** Problem description **
Scan the listing below. Copy each line that contains "Medical".

* * *

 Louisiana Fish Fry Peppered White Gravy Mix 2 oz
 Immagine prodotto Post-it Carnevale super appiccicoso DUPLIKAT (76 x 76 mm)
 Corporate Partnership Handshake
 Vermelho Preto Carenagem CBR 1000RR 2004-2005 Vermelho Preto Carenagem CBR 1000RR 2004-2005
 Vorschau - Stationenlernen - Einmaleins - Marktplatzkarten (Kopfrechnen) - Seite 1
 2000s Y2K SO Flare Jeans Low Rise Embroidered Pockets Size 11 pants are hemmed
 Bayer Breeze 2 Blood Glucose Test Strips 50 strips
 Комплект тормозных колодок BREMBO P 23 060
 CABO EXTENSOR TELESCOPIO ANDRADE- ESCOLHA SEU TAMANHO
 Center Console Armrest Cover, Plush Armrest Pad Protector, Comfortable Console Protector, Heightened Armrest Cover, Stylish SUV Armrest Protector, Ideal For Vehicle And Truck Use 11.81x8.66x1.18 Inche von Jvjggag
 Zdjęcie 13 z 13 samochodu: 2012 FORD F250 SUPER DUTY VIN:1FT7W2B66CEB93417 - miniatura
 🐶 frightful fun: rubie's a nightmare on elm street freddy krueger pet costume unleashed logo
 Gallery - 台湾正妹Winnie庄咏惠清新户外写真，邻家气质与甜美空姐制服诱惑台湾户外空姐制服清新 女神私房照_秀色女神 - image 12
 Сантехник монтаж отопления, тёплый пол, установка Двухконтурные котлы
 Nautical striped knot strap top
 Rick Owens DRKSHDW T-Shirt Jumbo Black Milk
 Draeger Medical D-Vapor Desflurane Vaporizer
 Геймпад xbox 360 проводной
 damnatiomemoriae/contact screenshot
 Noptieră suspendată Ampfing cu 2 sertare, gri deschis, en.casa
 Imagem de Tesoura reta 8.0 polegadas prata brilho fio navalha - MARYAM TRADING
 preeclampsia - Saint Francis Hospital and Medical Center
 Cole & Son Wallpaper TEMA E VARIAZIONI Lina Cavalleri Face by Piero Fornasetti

* * *

** Answer **
 Draeger Medical D-Vapor Desflurane Vaporizer
 preeclampsia - Saint Francis Hospital and Medical Center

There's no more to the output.